■ Data for this task
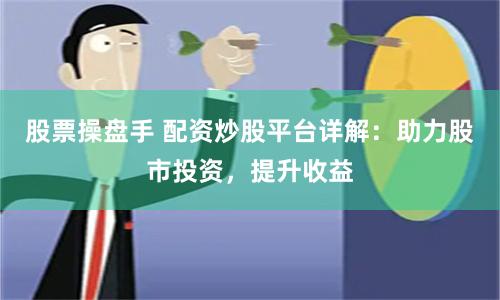 股票操盘手 配资炒股平台详解：助力股市投资，提升收益
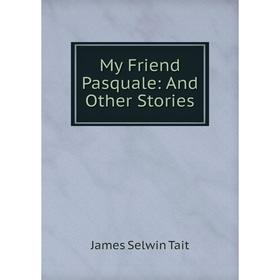 

Книга My Friend Pasquale: And Other Stories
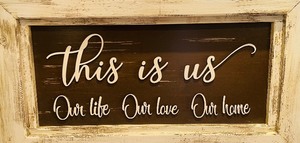 lot 120 image: Rustic Style Wooden Sign - This is Us, Our Life, Our Love, Or Home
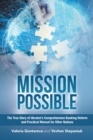 Mission Possible : The True Story of Ukraine's Comprehensive Banking Reform and Practical Manual for Other Nations - eBook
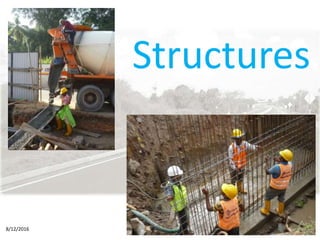 Structures
8/12/2016 ACCESS ENGINEERING PLC
 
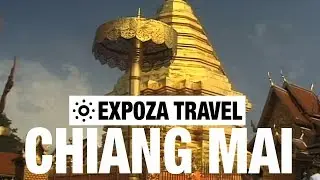 Chiang Mai (Thailand) Vacation Travel Video Guide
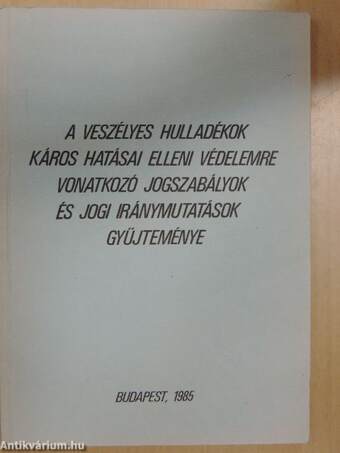 A veszélyes hulladékok káros hatásai elleni védelemre vonatkozó jogszabályok és jogi iránymutatások gyűjteménye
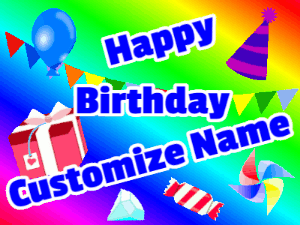 A crazy birthday gif with everything on a rainbow background. Gifts, balloons, candy, banner. Customize 3 lines of text.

■ Instructions for the task
Text only, please: give the listing again word for word with no images.

■ Solution below
 股票操盘手 配资炒股平台详解：助力股市投资，提升收益

Книга My Friend Pasquale: And Other Stories
 lot 120 image: Rustic Style Wooden Sign - This is Us, Our Life, Our Love, Or Home
 Mission Possible : The True Story of Ukraine's Comprehensive Banking Reform and Practical Manual for Other Nations - eBook
 Structures
8/12/2016 ACCESS ENGINEERING PLC
 
 Chiang Mai (Thailand) Vacation Travel Video Guide
 A veszélyes hulladékok káros hatásai elleni védelemre vonatkozó jogszabályok és jogi iránymutatások gyűjteménye
 A crazy birthday gif with everything on a rainbow background. Gifts, balloons, candy, banner. Customize 3 lines of text.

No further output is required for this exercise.